We may be alone in the world of man, yet by virtue of our Covenant, we have never been alone. It is the mystery of the stranger that we carry in our very souls. This is the discomfort that too many Jews both here and, to a lesser extent in Israel, feel today. They are uncomfortable as the stranger, always looking over their shoulder, terrified of Abraham’s words at Machpelah in our holy place of Hevron. Terrified, even today, by the heroic commitment of the Jews in Hevron. You have heard them say, “Those Jews who live there are fanatics. They are not like us.” But too many diaspora Jews have not learned that Jewish courage born of passionate devotion to our heritage requires being a bit of a fanatic. It certainly would have been a lot less bloody to have given in to the world powers over the last 2000 years and assimilated. Why didn’t we?
Being a good neighbor is making sure our neighbors understand that we are not like them. Our language here in America may be the same, but our calendar and our chagim are those of the stranger. Hanukkah and Christmas, Passover and Easter, their New Year and our Rosh Hashanah – there are no better examples. It demands not assimilation but respect; not kumbaya but commitment. And if a Jew wants respect, first he must have self-respect.
It has been asked, why do Jews need a state of Israel? “What do you lack in America [or France or England]? … One can understand your forbears, for they fled from Czarist pogroms in Russia, from the ghetto and from the Pale of Settlement. But you, why do you support this adventure [of Jewish statehood]? There is only one answer. I am a stranger and a resident among you. Eretz Yisrael belongs to the world of intimate relations between us and the G-d of Israel. It is a part of the Jewish mysterium… In Eretz Yisrael there is sanctity, and we long for…the Creator whose Divine Presence rests upon the stones and sands of the desert” (p. 78) – the Land that sustained our brothers and sisters who astonished the world and our good neighbors in 1948 and again in 1967…and again in 1973. A Land that, with G-d’s love, astonishes the world each and every day…a Land filled today with a most exceptional people.

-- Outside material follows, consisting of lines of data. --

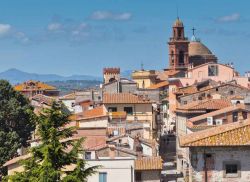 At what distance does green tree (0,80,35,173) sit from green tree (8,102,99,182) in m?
41.1

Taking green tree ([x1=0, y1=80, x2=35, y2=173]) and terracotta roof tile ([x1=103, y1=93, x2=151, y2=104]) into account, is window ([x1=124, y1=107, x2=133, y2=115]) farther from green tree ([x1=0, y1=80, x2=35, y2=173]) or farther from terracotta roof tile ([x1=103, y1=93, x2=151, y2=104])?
green tree ([x1=0, y1=80, x2=35, y2=173])

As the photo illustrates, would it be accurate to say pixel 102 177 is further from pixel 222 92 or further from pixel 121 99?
pixel 222 92

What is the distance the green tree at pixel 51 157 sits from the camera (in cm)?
3081

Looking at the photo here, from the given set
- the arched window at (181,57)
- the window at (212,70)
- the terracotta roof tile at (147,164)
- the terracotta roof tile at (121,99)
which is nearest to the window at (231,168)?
the terracotta roof tile at (147,164)

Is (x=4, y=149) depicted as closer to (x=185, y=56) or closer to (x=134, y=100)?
(x=134, y=100)

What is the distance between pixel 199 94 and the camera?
282 ft

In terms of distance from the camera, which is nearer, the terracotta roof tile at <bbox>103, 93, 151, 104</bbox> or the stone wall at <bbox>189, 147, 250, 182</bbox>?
the stone wall at <bbox>189, 147, 250, 182</bbox>

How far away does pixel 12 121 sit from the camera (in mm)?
81500

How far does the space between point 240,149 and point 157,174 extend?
1459 cm

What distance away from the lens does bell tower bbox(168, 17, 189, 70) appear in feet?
540

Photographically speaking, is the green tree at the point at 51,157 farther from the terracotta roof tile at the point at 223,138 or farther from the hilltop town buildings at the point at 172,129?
the terracotta roof tile at the point at 223,138

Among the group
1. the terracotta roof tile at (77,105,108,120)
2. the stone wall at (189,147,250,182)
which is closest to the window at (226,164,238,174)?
the stone wall at (189,147,250,182)

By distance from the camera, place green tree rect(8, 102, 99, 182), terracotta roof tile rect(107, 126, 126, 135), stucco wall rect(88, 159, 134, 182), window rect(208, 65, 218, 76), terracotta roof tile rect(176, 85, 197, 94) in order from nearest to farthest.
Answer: green tree rect(8, 102, 99, 182) → stucco wall rect(88, 159, 134, 182) → terracotta roof tile rect(107, 126, 126, 135) → terracotta roof tile rect(176, 85, 197, 94) → window rect(208, 65, 218, 76)

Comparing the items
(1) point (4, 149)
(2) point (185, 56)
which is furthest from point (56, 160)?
(2) point (185, 56) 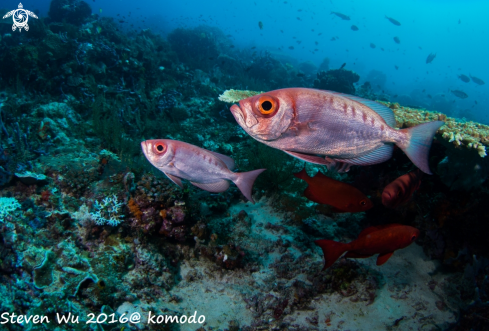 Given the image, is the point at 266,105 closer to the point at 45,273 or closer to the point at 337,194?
the point at 337,194

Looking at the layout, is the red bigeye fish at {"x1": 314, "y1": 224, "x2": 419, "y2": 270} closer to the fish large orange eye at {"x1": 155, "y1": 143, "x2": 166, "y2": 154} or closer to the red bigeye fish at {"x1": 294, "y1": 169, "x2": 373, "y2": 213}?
the red bigeye fish at {"x1": 294, "y1": 169, "x2": 373, "y2": 213}

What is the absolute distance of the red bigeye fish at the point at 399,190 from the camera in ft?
9.14

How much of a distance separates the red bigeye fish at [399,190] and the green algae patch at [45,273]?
13.5 ft

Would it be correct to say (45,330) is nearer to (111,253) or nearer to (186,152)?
(111,253)

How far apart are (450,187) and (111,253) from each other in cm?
510

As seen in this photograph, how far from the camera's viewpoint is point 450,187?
11.5 ft

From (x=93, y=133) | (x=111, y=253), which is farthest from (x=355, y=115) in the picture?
(x=93, y=133)

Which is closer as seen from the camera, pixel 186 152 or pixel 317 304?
pixel 186 152

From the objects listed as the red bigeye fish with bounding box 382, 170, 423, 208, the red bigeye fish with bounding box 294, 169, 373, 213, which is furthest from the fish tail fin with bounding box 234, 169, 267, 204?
the red bigeye fish with bounding box 382, 170, 423, 208

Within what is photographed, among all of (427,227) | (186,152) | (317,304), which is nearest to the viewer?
(186,152)

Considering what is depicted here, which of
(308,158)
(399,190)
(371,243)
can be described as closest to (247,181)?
(308,158)

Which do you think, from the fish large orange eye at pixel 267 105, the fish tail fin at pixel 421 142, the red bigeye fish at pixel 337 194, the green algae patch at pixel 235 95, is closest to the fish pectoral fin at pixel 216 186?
the red bigeye fish at pixel 337 194

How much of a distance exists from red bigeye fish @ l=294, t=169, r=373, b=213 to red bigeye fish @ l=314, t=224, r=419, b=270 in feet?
1.21

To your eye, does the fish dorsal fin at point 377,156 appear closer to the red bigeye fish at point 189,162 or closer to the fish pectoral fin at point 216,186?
the red bigeye fish at point 189,162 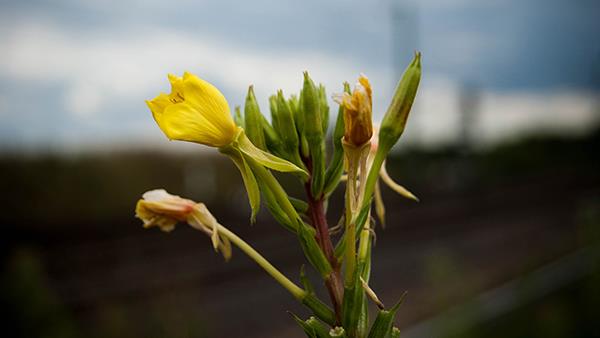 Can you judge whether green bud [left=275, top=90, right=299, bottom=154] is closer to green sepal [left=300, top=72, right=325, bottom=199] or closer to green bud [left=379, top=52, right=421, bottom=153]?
green sepal [left=300, top=72, right=325, bottom=199]

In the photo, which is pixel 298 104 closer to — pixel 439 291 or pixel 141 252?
pixel 439 291

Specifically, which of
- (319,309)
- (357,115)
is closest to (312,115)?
(357,115)

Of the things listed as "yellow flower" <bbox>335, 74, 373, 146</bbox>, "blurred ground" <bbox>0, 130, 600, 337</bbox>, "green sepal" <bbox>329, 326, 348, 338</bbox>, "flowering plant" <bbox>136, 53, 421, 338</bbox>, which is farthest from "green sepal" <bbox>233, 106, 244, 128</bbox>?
"blurred ground" <bbox>0, 130, 600, 337</bbox>

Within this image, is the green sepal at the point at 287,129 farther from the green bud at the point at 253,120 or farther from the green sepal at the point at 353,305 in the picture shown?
the green sepal at the point at 353,305

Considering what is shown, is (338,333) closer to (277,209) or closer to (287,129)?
(277,209)

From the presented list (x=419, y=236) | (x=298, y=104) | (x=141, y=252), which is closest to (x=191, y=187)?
(x=141, y=252)

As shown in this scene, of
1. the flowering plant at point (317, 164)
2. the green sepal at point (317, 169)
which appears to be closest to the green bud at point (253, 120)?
the flowering plant at point (317, 164) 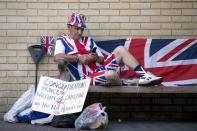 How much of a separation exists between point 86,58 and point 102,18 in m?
1.06

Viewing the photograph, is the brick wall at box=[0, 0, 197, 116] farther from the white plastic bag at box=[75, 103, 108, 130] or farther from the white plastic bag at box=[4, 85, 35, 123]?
the white plastic bag at box=[75, 103, 108, 130]

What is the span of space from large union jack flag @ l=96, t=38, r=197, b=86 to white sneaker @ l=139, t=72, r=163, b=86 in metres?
0.84

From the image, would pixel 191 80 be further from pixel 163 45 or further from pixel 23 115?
pixel 23 115

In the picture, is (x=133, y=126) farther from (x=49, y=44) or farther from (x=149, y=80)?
(x=49, y=44)

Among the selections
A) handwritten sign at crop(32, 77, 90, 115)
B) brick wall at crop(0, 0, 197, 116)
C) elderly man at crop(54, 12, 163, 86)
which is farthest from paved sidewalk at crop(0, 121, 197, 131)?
brick wall at crop(0, 0, 197, 116)

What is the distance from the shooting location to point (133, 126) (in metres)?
7.77

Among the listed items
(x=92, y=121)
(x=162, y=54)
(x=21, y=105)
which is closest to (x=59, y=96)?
(x=21, y=105)

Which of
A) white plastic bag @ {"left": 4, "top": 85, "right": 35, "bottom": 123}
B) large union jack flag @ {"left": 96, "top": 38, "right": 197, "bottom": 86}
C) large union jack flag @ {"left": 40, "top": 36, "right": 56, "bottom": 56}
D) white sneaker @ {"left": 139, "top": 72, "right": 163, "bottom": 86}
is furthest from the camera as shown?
large union jack flag @ {"left": 40, "top": 36, "right": 56, "bottom": 56}

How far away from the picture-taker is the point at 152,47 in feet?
28.0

And the Rav concludes, “If you asked me, who is a Jew, I would answer, one who lives a life of heroism. In my eyes, a Jew is one who is ready to live heroically, to be always in the minority, to be able to fight against himself and against his own cold logic” (p. 104) – and against the modern children of Heth, our good neighbors. Our existence as Jews today is nothing short of heroic. No one would respect “a light unto the nations” if he were a coward.
And so it was Abraham, almost 4000 years ago, at a place called Machpelah in a town called Hevron, who defined for all time our relationship in our Creator’s world – an unambiguous, timeless Covenant with our G-d through the words of Abraham, “I am a resident and a stranger…” and G-d’s commitment to us: “I will remember My covenant with Jacob, My covenant with Isaac, and also My covenant with Abraham will I remember, and I will remember the Land.” (Lev. 26:42) First and foremost, it’s about self-respect.
We are the most privileged generation in 2000 years. In His love, G-d has blessed us to live at a time our bubbes and zaydes could only pray for – could only dream of – could only give their blood, sweat and tears and too often their lives for. To the shock and awe of those who believed all was lost, our people have returned home to the Land of our Covenant, from the river that Joshua crossed, to the sea, to create a miracle that has been and continues to be “a light unto the nations, in the Kingdom of the Almighty.” And let’s be honest. Has much changed over the last 70 years in the cesspool of Europe or among the depraved at the United Nations? These ingrates grudgingly acknowledge Israeli exceptionalism, as their lives are indispensably powered by the Jewish State’s brain power. Today Jews are no longer being shoved into gas chambers to the world’s silence. Historically stepping over dead Jews is no longer on the world’s sanctimonious playbill. No more duplicitous, disingenuous eulogies from our friends; and I, for one, have no problem with those obscene condemnations of Israel from illiterate, depraved, barbaric countries, whether from Arabs or Europeans or from the opportunistic, pathetic court Jews of J Street. For some of our people in the deranged galut, the lesson of Jewish pride is obscured by their self- denigration.
Our G-d, our Teacher, has at times had to painfully rebuke His stiff-necked children, but remember: “For but a brief moment have I forsaken you, and with abundant mercy will I gather you in. With a slight wrath have I concealed My countenance from you for a moment, but with eternal kindness shall I show you mercy.” (Isaiah 54:7-8). And so He has. The world has witnessed in just 67 years a miraculous transformation that G-d blessed His people to achieve, and He too is celebrating Israel’s most special rebirth.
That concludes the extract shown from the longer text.